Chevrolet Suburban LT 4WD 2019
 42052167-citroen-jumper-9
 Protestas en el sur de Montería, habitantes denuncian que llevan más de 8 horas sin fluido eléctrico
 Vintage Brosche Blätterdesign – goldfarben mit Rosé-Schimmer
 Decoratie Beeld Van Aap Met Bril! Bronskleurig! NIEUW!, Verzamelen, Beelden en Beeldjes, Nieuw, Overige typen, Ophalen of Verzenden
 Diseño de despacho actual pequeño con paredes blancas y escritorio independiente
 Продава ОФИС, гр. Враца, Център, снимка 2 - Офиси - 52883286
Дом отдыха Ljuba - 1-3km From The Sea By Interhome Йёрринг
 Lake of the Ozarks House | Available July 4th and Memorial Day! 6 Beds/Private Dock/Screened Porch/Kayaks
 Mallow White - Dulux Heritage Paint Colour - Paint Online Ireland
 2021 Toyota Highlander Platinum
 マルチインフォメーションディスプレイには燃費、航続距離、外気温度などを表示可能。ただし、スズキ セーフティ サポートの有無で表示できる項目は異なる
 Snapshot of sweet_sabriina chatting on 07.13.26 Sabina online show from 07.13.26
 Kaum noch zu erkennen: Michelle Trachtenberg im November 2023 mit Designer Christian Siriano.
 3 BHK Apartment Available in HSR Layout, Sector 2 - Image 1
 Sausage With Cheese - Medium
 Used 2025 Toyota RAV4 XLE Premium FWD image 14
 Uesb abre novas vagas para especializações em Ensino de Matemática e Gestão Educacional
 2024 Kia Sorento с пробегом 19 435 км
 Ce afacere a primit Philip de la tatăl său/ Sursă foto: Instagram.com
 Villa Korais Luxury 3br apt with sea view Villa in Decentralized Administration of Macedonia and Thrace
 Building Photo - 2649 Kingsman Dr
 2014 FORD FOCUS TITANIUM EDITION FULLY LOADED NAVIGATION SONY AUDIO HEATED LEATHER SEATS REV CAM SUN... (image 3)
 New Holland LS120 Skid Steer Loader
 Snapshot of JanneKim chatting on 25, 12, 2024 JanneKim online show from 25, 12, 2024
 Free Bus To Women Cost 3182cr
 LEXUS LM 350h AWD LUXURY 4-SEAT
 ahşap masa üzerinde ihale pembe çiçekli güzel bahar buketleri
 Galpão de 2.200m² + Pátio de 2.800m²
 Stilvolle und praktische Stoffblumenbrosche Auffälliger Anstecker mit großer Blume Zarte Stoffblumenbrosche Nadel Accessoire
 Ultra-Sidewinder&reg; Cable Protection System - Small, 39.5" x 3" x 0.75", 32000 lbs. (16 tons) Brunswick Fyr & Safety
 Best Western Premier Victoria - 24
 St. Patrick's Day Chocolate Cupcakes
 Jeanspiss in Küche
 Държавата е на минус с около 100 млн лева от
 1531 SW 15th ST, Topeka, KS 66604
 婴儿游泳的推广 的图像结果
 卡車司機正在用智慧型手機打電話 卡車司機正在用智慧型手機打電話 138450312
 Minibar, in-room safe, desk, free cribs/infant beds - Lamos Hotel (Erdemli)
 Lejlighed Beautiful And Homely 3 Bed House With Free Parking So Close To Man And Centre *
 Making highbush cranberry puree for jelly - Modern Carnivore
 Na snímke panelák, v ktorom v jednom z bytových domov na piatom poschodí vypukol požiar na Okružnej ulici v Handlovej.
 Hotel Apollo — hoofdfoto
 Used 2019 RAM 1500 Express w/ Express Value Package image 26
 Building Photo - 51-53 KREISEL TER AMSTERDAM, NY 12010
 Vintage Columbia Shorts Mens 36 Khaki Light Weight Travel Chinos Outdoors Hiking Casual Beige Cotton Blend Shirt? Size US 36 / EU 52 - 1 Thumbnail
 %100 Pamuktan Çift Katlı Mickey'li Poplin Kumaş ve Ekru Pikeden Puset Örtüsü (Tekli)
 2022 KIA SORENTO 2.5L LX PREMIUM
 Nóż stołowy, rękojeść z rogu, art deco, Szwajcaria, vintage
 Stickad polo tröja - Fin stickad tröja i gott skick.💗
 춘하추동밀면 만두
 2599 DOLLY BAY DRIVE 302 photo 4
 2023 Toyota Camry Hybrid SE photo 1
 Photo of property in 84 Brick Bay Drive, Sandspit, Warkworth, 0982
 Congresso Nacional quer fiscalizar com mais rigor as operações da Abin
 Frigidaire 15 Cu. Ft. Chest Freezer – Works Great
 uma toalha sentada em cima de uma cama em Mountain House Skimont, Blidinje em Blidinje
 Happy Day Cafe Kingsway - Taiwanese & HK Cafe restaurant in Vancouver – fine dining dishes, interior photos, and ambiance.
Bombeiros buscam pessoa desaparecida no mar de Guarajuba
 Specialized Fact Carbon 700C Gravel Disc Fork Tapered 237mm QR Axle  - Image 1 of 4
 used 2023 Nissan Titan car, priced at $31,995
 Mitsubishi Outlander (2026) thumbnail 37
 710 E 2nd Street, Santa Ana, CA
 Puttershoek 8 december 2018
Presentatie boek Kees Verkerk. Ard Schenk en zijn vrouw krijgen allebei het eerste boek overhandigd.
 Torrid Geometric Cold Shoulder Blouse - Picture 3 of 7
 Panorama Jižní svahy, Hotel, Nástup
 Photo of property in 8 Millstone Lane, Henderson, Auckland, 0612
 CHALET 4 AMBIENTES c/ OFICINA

→ **YOUR ASSIGNMENT**
Each line that contains the string "show" should be copied from the data above.

→ **ANSWER SPACE**
 Snapshot of sweet_sabriina chatting on 07.13.26 Sabina online show from 07.13.26
 Snapshot of JanneKim chatting on 25, 12, 2024 JanneKim online show from 25, 12, 2024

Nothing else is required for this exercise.